Stored items from a collection
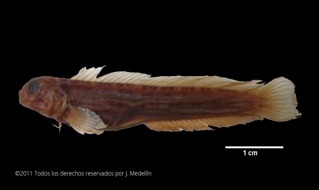 Imagen de la especie invasora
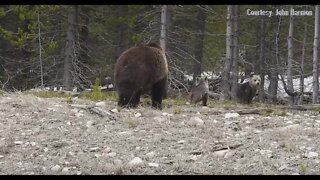 Grizzly sow with cubs John Harmon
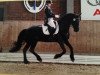 dressage horse Age van Ravensbos (Friese, 2000, from Folkert 353 Sport)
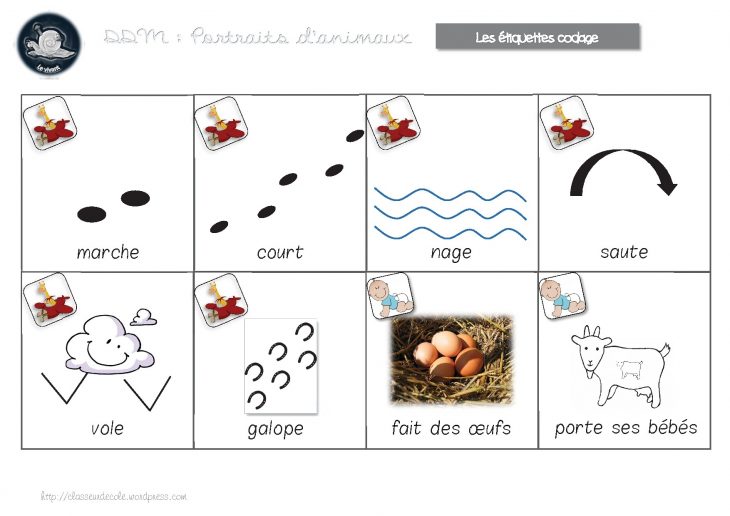 Ddm Le Vivant -Cycle 1 : Portraits D'animaux avec Animaux Maternelle Activités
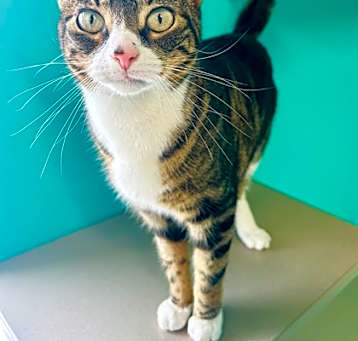 Photo of Meredith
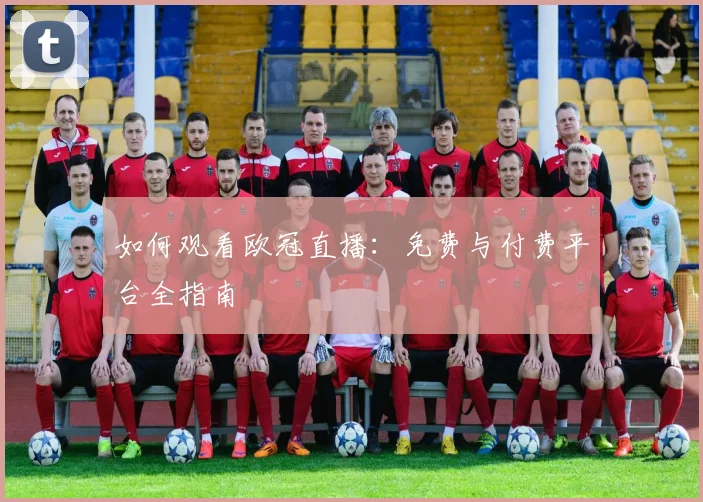 如何观看欧冠直播：免费与付费平台全指南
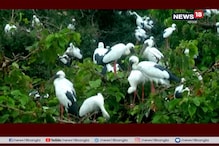কুলিককে পরিবেশবান্ধব রাখতে উদ্যোগ কেন্দ্রের, কপালে ভাঁজ স্থানীয় কৃষকদের কুলিককে পরিবেশবান্ধব রাখতে উদ্যোগ কেন্দ্রের, কপালে ভাঁজ স্থানীয় কৃষকদের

GOAL OF THE EXERCISE:
Your reply should consist only of the lines running from the line with "Photo of Meredith" to the end of the entries, both included, copied exactly and without any pictures.

EXERCISE OUTPUT:
 Photo of Meredith
 如何观看欧冠直播：免费与付费平台全指南
কুলিককে পরিবেশবান্ধব রাখতে উদ্যোগ কেন্দ্রের, কপালে ভাঁজ স্থানীয় কৃষকদের কুলিককে পরিবেশবান্ধব রাখতে উদ্যোগ কেন্দ্রের, কপালে ভাঁজ স্থানীয় কৃষকদের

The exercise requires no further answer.